По воле богов и к нашей удаче, та зима была не слишком сурова: лица обмерзали только у самых юных девок. Любой здоровый человек мог с утра до полудня находиться под открытым небом, прежде чем начинал коченеть.
Мы высылали вперёд ватаги из молодых мужчин, они уходили на длину дневного перехода, пробивали тропы в снегу, готовили стоянки и кострища.
Это было нелегко, сырое дерево плохо горело; в первой ватаге шли самые сильные, все при топорах.
Каждый раз они валили по полсотни берёз и осин, а если их не было, валили ели и сосны, и приготавливали десяток больших кострищ, каждое окружностью примерно в десять шагов.
Тем временем другие выводили детей и женщин из деревень и вели через лес к уже готовым лагерям.
Почти все женщины забрали с собой не только детей, но и кур, и коз. Новорожденных козлят берегли наравне с детьми. Кур несли в мешках, большинство подохли, но многие и выжили.

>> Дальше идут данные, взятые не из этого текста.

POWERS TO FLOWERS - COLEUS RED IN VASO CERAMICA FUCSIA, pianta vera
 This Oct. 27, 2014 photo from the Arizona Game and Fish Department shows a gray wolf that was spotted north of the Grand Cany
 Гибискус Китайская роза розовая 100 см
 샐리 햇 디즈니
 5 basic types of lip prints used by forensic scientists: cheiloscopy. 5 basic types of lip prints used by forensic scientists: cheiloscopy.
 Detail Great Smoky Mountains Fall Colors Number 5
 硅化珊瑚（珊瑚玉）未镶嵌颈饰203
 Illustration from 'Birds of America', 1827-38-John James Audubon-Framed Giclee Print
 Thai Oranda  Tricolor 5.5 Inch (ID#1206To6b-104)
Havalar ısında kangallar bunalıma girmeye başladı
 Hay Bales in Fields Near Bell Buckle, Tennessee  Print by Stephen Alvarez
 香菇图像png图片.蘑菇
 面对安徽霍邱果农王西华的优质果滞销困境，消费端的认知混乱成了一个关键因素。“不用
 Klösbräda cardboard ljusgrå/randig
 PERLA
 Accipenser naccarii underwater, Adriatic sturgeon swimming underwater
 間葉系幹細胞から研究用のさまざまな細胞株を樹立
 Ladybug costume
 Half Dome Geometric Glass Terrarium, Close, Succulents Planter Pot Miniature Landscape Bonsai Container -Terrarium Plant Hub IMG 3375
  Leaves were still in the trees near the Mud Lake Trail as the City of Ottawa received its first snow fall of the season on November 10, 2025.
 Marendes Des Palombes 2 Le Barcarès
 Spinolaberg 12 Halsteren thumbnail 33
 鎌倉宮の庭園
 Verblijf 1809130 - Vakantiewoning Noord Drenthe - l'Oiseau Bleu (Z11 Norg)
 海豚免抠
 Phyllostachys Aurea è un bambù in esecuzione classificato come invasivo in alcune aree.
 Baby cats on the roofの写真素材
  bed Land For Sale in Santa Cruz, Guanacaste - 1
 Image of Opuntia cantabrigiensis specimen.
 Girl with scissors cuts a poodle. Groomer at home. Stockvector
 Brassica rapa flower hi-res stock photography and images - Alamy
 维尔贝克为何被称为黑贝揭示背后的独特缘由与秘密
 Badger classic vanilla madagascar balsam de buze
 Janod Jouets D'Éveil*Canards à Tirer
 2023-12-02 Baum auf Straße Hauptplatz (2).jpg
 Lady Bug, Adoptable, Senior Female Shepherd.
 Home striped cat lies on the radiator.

Конечно, мы забрали всех собак и кошек, кроме тех, что остались со стариками.
Как только люди, осилив дневной переход, добирались до лагеря, – мы сдвигали каждое кострище в сторону и на тёплой, согретой земле расстилали шкуры и рядно – и спали, прижавшись, в два или три ряда, спасаясь меховыми покрышками, согревая друг друга дыханием и теплом тел.
Чтобы не тратить на морозе силы и дрова, а главное – время, мы не ставили шатров (на три тысячи человек никаких шатров не хватит) и не готовили горячую пищу, а ели только сухой припас, орехи, сухари, сушёную рыбу, вяленое мясо, – но мы обязательно нагревали в котлах воду и пили кипяток, заваривая в нём травы и ягоды.
Третья ватага сторожила лагерь ночью, поддерживая огонь и отгоняя зверей. Но голодные звери всё равно сильно донимали, подкрадывались, пытались схватить и утащить спящих.
Поход трёх тысяч человек произвёл шум по всей долине, и на всём пути нас сопровождали огромные стаи волков и выводки рысей.
Волки нападали как люди, единым слаженным порядком, в дюжину самцов и самок, которые были ещё злей самцов; одни отвлекали, другие убивали и тащили добычу; отогнать такую стаю можно было только толпой, огнём и криками.
Рыси, размером с телят, прыгали с ветвей, падали на плечи, зубами вцеплялись и перегрызали шейные жилы сзади, а когтями передних лап рвали горло спереди, пресекая ключичную кровь.
Была ещё и четвёртая ватага, которой досталась самая страшная участь: по утрам тех несчастных, кто не выдержал мороза и замёрз, относили в сторону, и когда люди уходили и лагерь пустел – эти четвёртые сжигали умерших на кострах, чтобы не оставлять тела зверям на поживу.
Но, как вы понимаете, дров всегда не хватало, и мы часто бросали тела не полностью сожжёнными. И к третьему дню перехода за длинной чередой из тысяч людей через лес шли, в поисках еды, не только волки и рыси, но и россомахи, известные любители падали, и медведи-шатуны, и даже лисы, – все плотоядные твари, живущие в наших мёрзлых зимних лесах, устремились следом за людьми, почуяв, что люди ослабли и до них можно легко добраться.